Bunun sebebi biraz da millet olarak sahip olduğumuz değerleri küçük görmemiz, ondan soğumamız, soğutulmamız. Marka isimlerinden, şirket adlarına, hatta küçücük dükkan tabelalarına kadar yansıyan yabancı kelime merakının bir çığ gibi büyümesinin temelinde de bu yatıyor.

Bizden medeniyet olarak, teknoloji olarak üstün ülkelerin dilini kullanarak güya derece atlamaya çalışıyoruz. Bu taklitçiliğin bizi götürebileceği herhangi bir menzil yoktur. Milletleri millet yapan bazı değerler vardır. Ne yazık ki bunlar farkında olmadan birer birer elimizin altından kayıyor veya kaydırılıyor...

Hani dost sohbetlerinde hepimizin bilerek veya bilmeyerek kullandığı bir terim vardır: Lastikli Türkçe… Bundan kastımız, normal bir şeyler anlatmak için kurduğumuz cümleden, anormal anlamlar çıkmasıdır.

Aslında bu şikâyet edilecek bir kusur yerine, dilin zenginliği olarak da değerlendirilebilir. Ancak buradaki sorun daha çok bizim beynimizdedir. Yazılışları aynı, anlamları farklı kelimeler her dilde vardır. Kaldı ki bizim kendi inisiyatifimizle kelimelere yüklediğimiz yanlış anlamlar yüzünden bu sözünü ettiğimiz "lastik" durumu meydana gelmektedir.

Şakayla argo karışımı bir dil, gençler arasında yaygın şekilde kullanılırken, internet dili veya "çet" dili olarak tanınan, kelimeleri eciş bücüş yazma hastalığı da iliklerimize kadar işlemiş bulunuyor.

Anlamları bozarak oluşturduğumuz tahribat yetmezmiş gibi, kelimelerin yapısını ve yazılışını da bozarak, sanki "yeni bir dil devrimi" yapıyoruz.

Bu çılgın anlayışa geçtiğimiz günlerde yepyeni bir boyut eklendi. Anlamı açıkça belli olan bir cümleyi, ters anlamak veya ters anlatmak.

Başbakanımızın söylediği bir cümle, nedense ifade ettiği anlamın hilafında algılanarak ve yorumlanarak, günlerdir medyadan kahvehanelere, karikatüristlerden köşe yazarlarına kadar her platformda herkes tarafından eleştirildi ve yerden yere vuruldu.
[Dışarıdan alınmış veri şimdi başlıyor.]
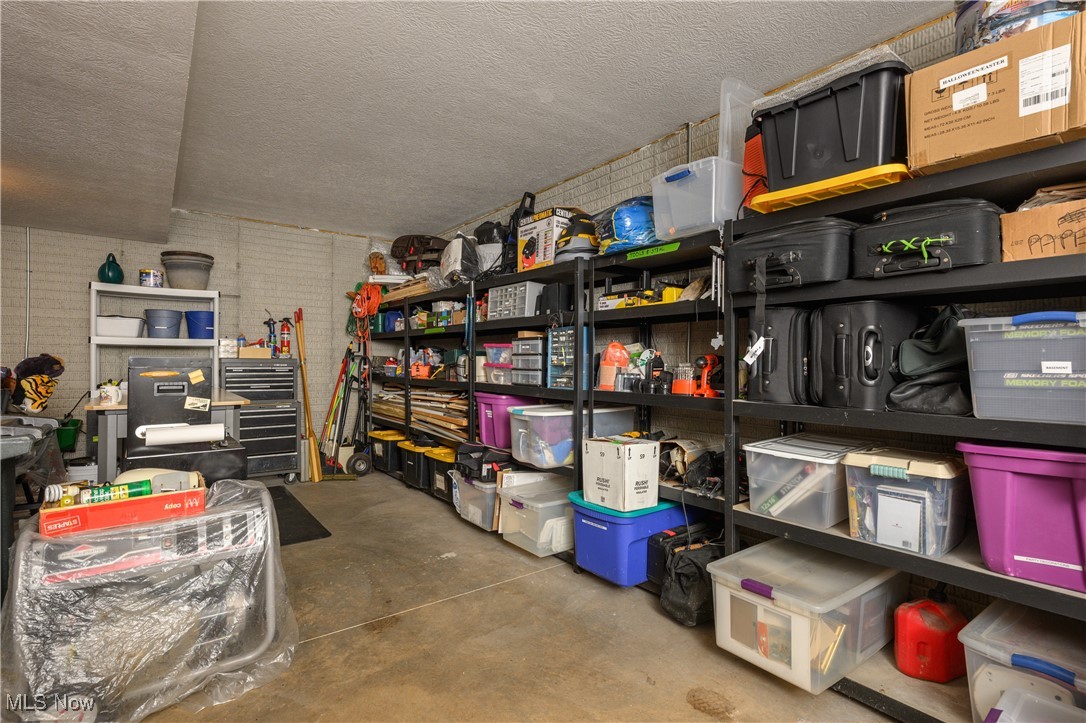 1483 Lake Front Drive, Salem, Ohio image 31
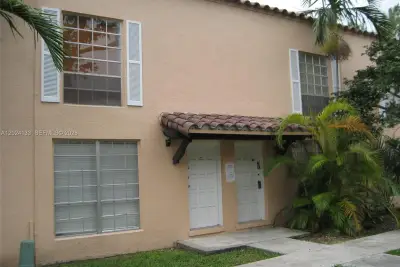 10806 N Kendall Dr #P-26, Miami: photo 1 of 14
Akıntıya kürek çekmek ve hatta belli bir istikamette dönen dişlilerin arasına tersine dönen bir çark koymak kadar faydasız ve tehlikeli olacağını bile bile bu konuda yapılan bir yanlışlığa dikkat çekmek istiyorum.
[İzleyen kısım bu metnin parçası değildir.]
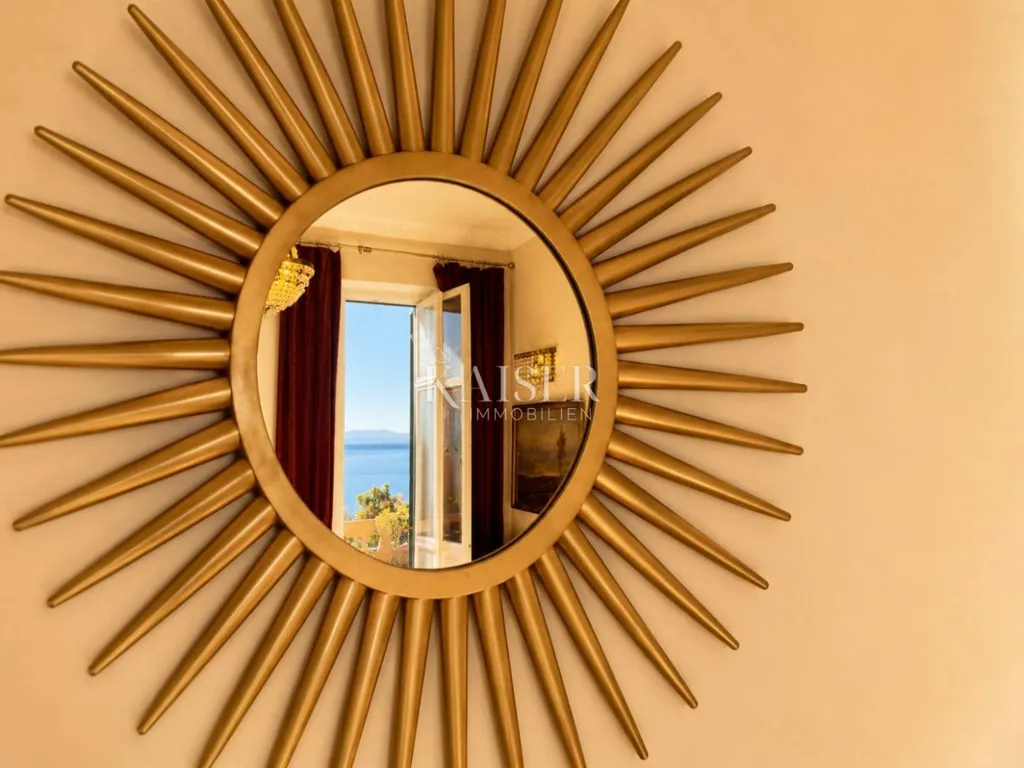 Pièces - Two Studio Apartments in Historic Villa, Opatija Centre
"Askerlik yan gelip yatma mesleği değildir" cümlesinde, görevini yapan, hatta bu görev sırasında yaralanan, şehit olan bir askeri, küçük düşürecek, onu hafife alacak, onu karalayacak, aleyhinde düşünülmesini sağlayacak bir anlam nereden ve nasıl çıkarılabiliyor, anlamıyorum.

Bu cümleden belki zorlayarak, Türkçe’nin lastiğine sığınarak, sadece anlatım açısından "yaralanmayanlar, ölmeyenler görevini yapmıyor" gibi bir anlam çıkarılabilir ki, bu da askerliğin yapısı ve realitesi açısından söylenebilecek bir şey değildir.
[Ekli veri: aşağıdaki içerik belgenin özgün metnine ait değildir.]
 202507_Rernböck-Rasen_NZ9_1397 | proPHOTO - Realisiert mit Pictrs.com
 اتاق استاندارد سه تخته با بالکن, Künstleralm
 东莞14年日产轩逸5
O zaman cümlenin anlamı, "askerlik maalesef zevkü safa ile, gülüp oynayarak, eğlenerek yapılan bir iş değil, sonunda insan için onarılmaz derecede, telafi edilmez şekilde hayati tehlikeleri olan, hatta yaralanma, sakat kalma ve ölüm gibi acı sonuçlar doğuran zor bir meslektir" demek olmuyor mu?

Bir başbakanı herkes sevmek zorunda değil. Herkes onun partisini tutmaya, onun düşüncelerine katılmaya da mecbur değil. Normal şartlarda belli sınırları aşmadan, hakarette bulunmadan, yanlışlarını tenkit etmeye, hatta doğrularının bile bize göre yanlış olduğunu söylemeye elbette hakkımız var. Ama kurduğu bir cümlenin apaçık anlamını bu kadar ters yorumlamaya ve bu yüzden de onu böylesine mahkûm etmeye hakkımız yok sanıyorum.

Yanılıyor muyum?

 
Toplam blog
: 859
: 979
Kayıt tarihi
: 21.06.06
 
 

Marmara Üniversitesi İletişim Fakültesi ve İstanbul Üniversitesi Hukuk Fakültesi mezunu, ekonomik..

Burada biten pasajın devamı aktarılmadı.